What you return should match every entry, character for character.

[Records drawn from a dataset]
____

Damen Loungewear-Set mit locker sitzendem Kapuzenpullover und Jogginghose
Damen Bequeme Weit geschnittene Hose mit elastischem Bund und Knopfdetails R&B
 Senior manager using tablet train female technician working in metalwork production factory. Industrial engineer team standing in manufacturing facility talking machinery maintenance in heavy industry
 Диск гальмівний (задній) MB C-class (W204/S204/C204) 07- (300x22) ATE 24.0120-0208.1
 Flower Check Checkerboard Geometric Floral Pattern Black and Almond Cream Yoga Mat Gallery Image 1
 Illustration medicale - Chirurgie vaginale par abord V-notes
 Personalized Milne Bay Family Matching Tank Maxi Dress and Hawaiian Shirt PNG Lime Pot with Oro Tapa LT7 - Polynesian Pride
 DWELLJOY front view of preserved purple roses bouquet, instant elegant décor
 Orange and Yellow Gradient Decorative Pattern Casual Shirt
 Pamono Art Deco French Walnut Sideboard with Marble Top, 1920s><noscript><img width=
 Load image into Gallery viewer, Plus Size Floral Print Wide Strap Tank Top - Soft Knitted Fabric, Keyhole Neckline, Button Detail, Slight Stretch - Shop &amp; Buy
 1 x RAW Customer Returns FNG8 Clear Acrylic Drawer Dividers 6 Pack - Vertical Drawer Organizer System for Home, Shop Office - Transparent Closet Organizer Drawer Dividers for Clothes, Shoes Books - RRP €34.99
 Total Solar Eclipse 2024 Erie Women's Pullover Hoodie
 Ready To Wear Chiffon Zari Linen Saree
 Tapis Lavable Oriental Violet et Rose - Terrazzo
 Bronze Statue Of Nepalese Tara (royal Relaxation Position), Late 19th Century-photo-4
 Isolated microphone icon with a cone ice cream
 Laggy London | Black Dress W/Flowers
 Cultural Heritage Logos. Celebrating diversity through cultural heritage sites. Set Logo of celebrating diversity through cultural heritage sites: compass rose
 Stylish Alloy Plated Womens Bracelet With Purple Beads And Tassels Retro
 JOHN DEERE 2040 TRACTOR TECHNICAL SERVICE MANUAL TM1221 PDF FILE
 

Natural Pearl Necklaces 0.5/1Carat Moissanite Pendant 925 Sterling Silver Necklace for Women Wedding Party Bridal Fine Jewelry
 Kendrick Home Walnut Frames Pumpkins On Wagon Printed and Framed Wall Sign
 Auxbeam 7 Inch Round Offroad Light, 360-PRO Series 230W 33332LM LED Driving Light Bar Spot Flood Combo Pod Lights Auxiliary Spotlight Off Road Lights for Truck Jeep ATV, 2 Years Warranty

____

■ **Final answer**:
Damen Loungewear-Set mit locker sitzendem Kapuzenpullover und Jogginghose
Damen Bequeme Weit geschnittene Hose mit elastischem Bund und Knopfdetails R&B
 Senior manager using tablet train female technician working in metalwork production factory. Industrial engineer team standing in manufacturing facility talking machinery maintenance in heavy industry
 Диск гальмівний (задній) MB C-class (W204/S204/C204) 07- (300x22) ATE 24.0120-0208.1
 Flower Check Checkerboard Geometric Floral Pattern Black and Almond Cream Yoga Mat Gallery Image 1
 Illustration medicale - Chirurgie vaginale par abord V-notes
 Personalized Milne Bay Family Matching Tank Maxi Dress and Hawaiian Shirt PNG Lime Pot with Oro Tapa LT7 - Polynesian Pride
 DWELLJOY front view of preserved purple roses bouquet, instant elegant décor
 Orange and Yellow Gradient Decorative Pattern Casual Shirt
 Pamono Art Deco French Walnut Sideboard with Marble Top, 1920s><noscript><img width=
 Load image into Gallery viewer, Plus Size Floral Print Wide Strap Tank Top - Soft Knitted Fabric, Keyhole Neckline, Button Detail, Slight Stretch - Shop &amp; Buy
 1 x RAW Customer Returns FNG8 Clear Acrylic Drawer Dividers 6 Pack - Vertical Drawer Organizer System for Home, Shop Office - Transparent Closet Organizer Drawer Dividers for Clothes, Shoes Books - RRP €34.99
 Total Solar Eclipse 2024 Erie Women's Pullover Hoodie
 Ready To Wear Chiffon Zari Linen Saree
 Tapis Lavable Oriental Violet et Rose - Terrazzo
 Bronze Statue Of Nepalese Tara (royal Relaxation Position), Late 19th Century-photo-4
 Isolated microphone icon with a cone ice cream
 Laggy London | Black Dress W/Flowers
 Cultural Heritage Logos. Celebrating diversity through cultural heritage sites. Set Logo of celebrating diversity through cultural heritage sites: compass rose
 Stylish Alloy Plated Womens Bracelet With Purple Beads And Tassels Retro
 JOHN DEERE 2040 TRACTOR TECHNICAL SERVICE MANUAL TM1221 PDF FILE
 

Natural Pearl Necklaces 0.5/1Carat Moissanite Pendant 925 Sterling Silver Necklace for Women Wedding Party Bridal Fine Jewelry
 Kendrick Home Walnut Frames Pumpkins On Wagon Printed and Framed Wall Sign
 Auxbeam 7 Inch Round Offroad Light, 360-PRO Series 230W 33332LM LED Driving Light Bar Spot Flood Combo Pod Lights Auxiliary Spotlight Off Road Lights for Truck Jeep ATV, 2 Years Warranty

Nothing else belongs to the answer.